Among the traditional methods for removing paint from steel surfaces, abrasive blasting is the most commonly used. This requires the operator to wear a full-body chemical protecting suit. In many applications, such as in shipbuilding, the nearby area needs to be evacuated, which delays other maintenance or repair tasks and increases downtime. With limited ability to recover the toxic paint residues, they drop in the water or are carried by air and harm the environment.   


The Envirobot™ robotic system uses ultra-high-pressure water jets (55,000 psi) to strip the hull down to bare metal. All the water used in the stripping is recovered by a powerful vacuum system and recycled. The only residue of the cleaning is the paint itself, which is automatically dumped into containers for proper disposal. 

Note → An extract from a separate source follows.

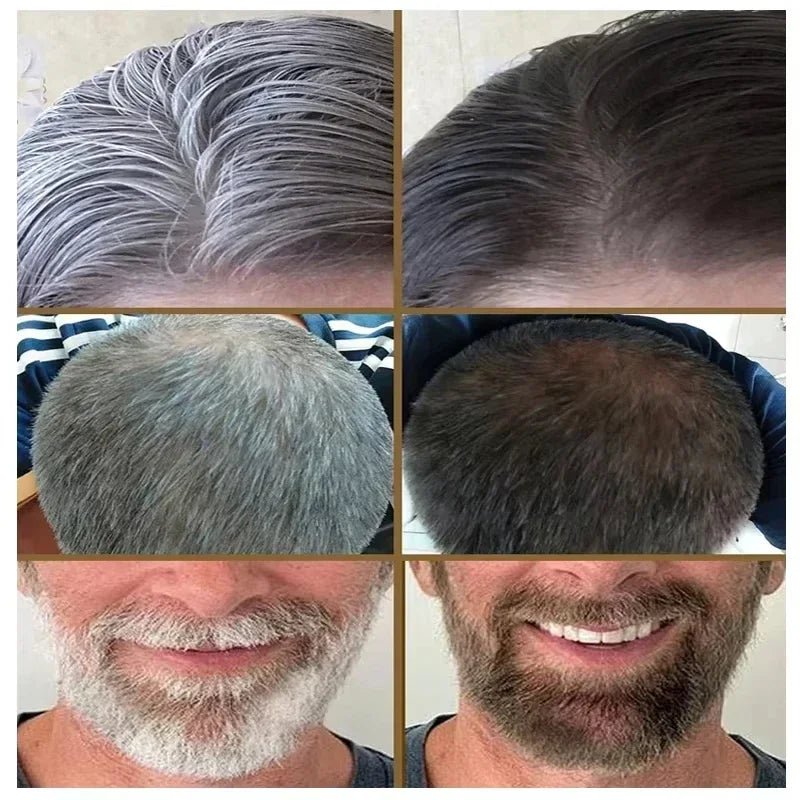 Gray Hair Color Treatment for Restoring Natural Looking Hair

The water-based stripping process produces a much cleaner metal surface, which greatly increases the life of the new paint applied to the ship. Compared to any form of sand- or grit-blasting, a hydroblasted surface is easily proven to rust less, and to allow paint to adhere better.

The Envirobot™ uses water jets to remove coatings at a rate of 500 to 3000 square feet per hour, depending on how many layers of the coating are being removed.


Using patented air gap magnets that hold it securely onto the surface, Envirobot can roll almost anywhere on steel surfaces, even over weld seams and bio growth.   

Operators use a joystick controller to move the robot over the surface area at speeds of up to 51 cm/sec (20 in/sec).